Une expédition aux confins de l’arctique russe explore les racines du goût de l’homme pour les lointains.
« Elle n’existe pas, ton île ! » Et il est vrai qu’à écouter Vassili, le narrateur, parler sans cesse du voyage qu’« un jour » il fera, on se prend à douter non seulement de sa résolution mais de son existence même. Pourtant, sur les atlas, on peut retrouver les contours d’une île arctique portant le nom de Kolgouev. Mais pour le journaliste très sérieux qu’est Vassili, si sérieux qu’à la lecture de ses articles on lui donne quarante ans alors qu’il en a vingt-sept, Kolgouev s’insère dans la « généalogie poétique des îles ». Depuis Ithaque et l’île de Calypso jusqu’à celles de Rabelais, de Swift, et l’île au trésor de Stevenson, une filiation rêvée relie ces terres imaginaires ou réelles détachées du continent du quotidien. Et ce n’est pas un hasard si le premier livre de sa vie a été, évidemment, Robinson Crusoé. Mais « la perte du mystère est irréparable ». Au début du siècle, les cartes ne portaient qu’une zone blanche entourée de pointillés à l’emplacement de l’île. Aujourd’hui, elle est dûment cartographiée, ses habitants recensés, elle est réelle. Mais les blancs sur les cartes anciennes indiquent un cap, le Grand Nord. Toute l’entreprise de Golovanov va donc être de rendre à l’imaginaire la trop réelle Kolgouev.
En cela, il va être aidé par la réalité elle‑même. Le projet d’expédition prend forme, significativement, en août 1992, un an après le putsch avorté qui signe la fin de la perestroïka et de l’URSS. Déjà le délitement des structures fait que l’île n’est plus desservie par des liaisons maritimes normales. Elle s’éloigne du continent, devient un but de reportage, puis d’expédition. Mais c’est par son travail littéraire que Golovanov va faire de cette terre le but d’un voyage mental, et, en fin de compte, une fiction. « Né et grandi dans l’espace du livre, le voyage y retourne. » Plus le voyageur accumulera d’éléments de réalité, mieux son récit prendra place parmi ceux qui, véritables ou fictifs, ont formé la grande chaîne de poétique des îles de papier.

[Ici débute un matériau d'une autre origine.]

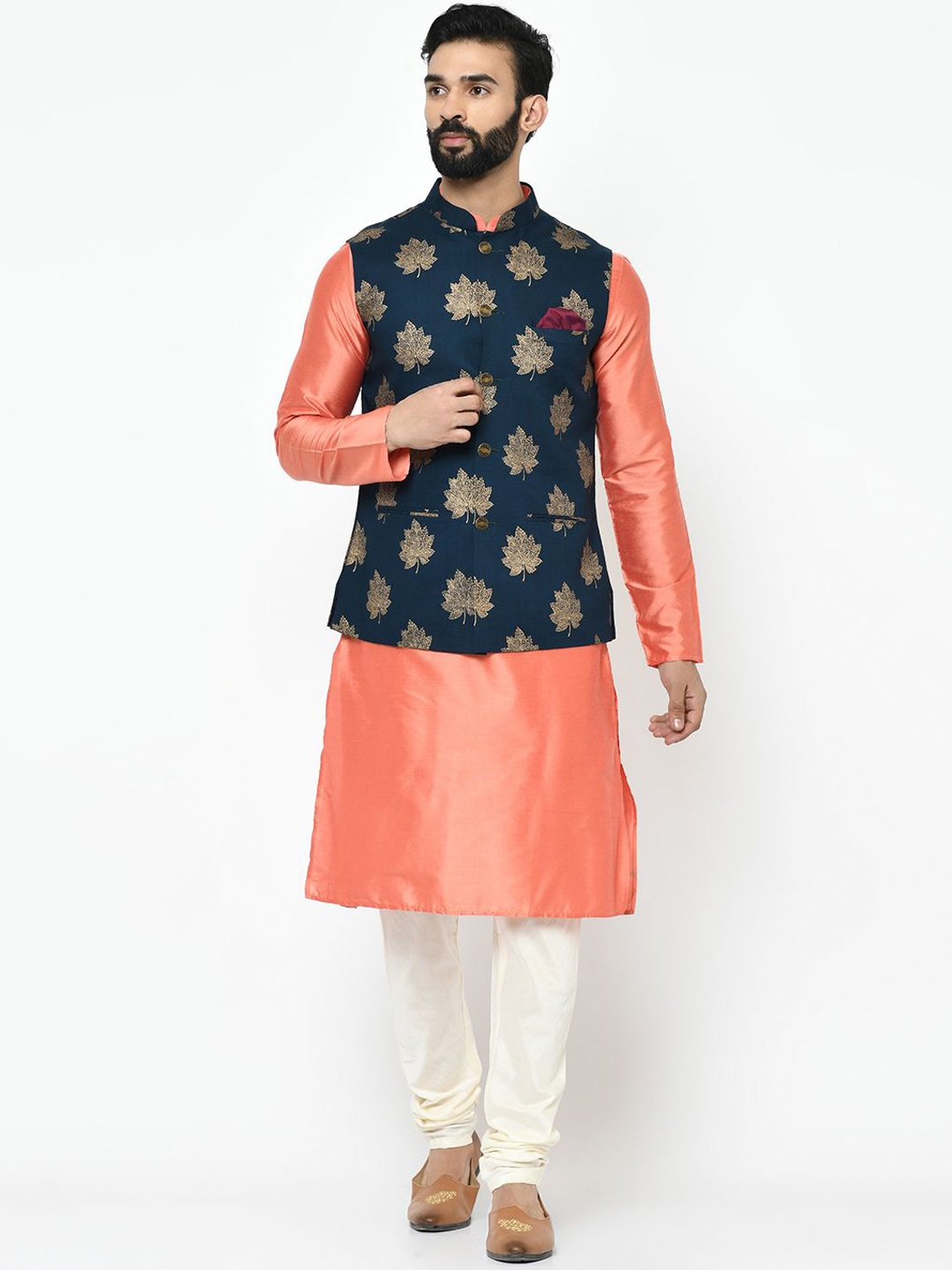 

Anouk Navy Blue & Peach Floral Printed Mandarin Collar Kurta with Churidar & Nehru jacket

C’est ainsi qu’il faut lire le roman vrai, le vrai roman de Kolgouev. D’abord pour pénétrer l’étrange impulsion qui pousse à partir. Golovanov brode un petit récit sur « l’homme qui sort de sa maison pour vider sa poubelle et qui ne revient plus jamais ». Où est‑il allé ? A‑t-il tenté de revenir ? Mais cette excursion dans une figure de fiction bien connue ne rend pas compte de l’appel qu’entend l’auteur. Pas plus que celle du « voyage initiatique » soin de changement ni quête de soi. C’est aussi simple et aussi mystérieux que ça : c’est parce qu’il a été un petit enfant qui n’a pas assez joué à Robinson qu’il entreprend ce « voyage insensé ».
Il faut lire aussi ce livre pour l’« amer savoir » qu’on en retire. Pour la chronique de la lente dégradation de la civilisation des peuples du Nord, victimes à la fois de l’histoire, sédentarisés de force, réprimés puis oubliés, et de la perte de leur espace de vie, de chasse, d’élevage. C’est le cas des Nenets, les seigneurs des rennes, dont la culture disparaît.
Par l’extrême précision du constat, jointe à la profondeur de son analyse de ce qu’est aujourd’hui un voyage, de ce que sont en réalité les extrêmes bords du monde, le reportage, rigoureux de Golovanov atteint le chant primordial des noces de l’homme et de l’espace. Comment fonctionne le passage du réel à la littérature, c’est ce que nous enseigne le passionnant roman, car c’en est un, d’un auteur attachant et inspiré.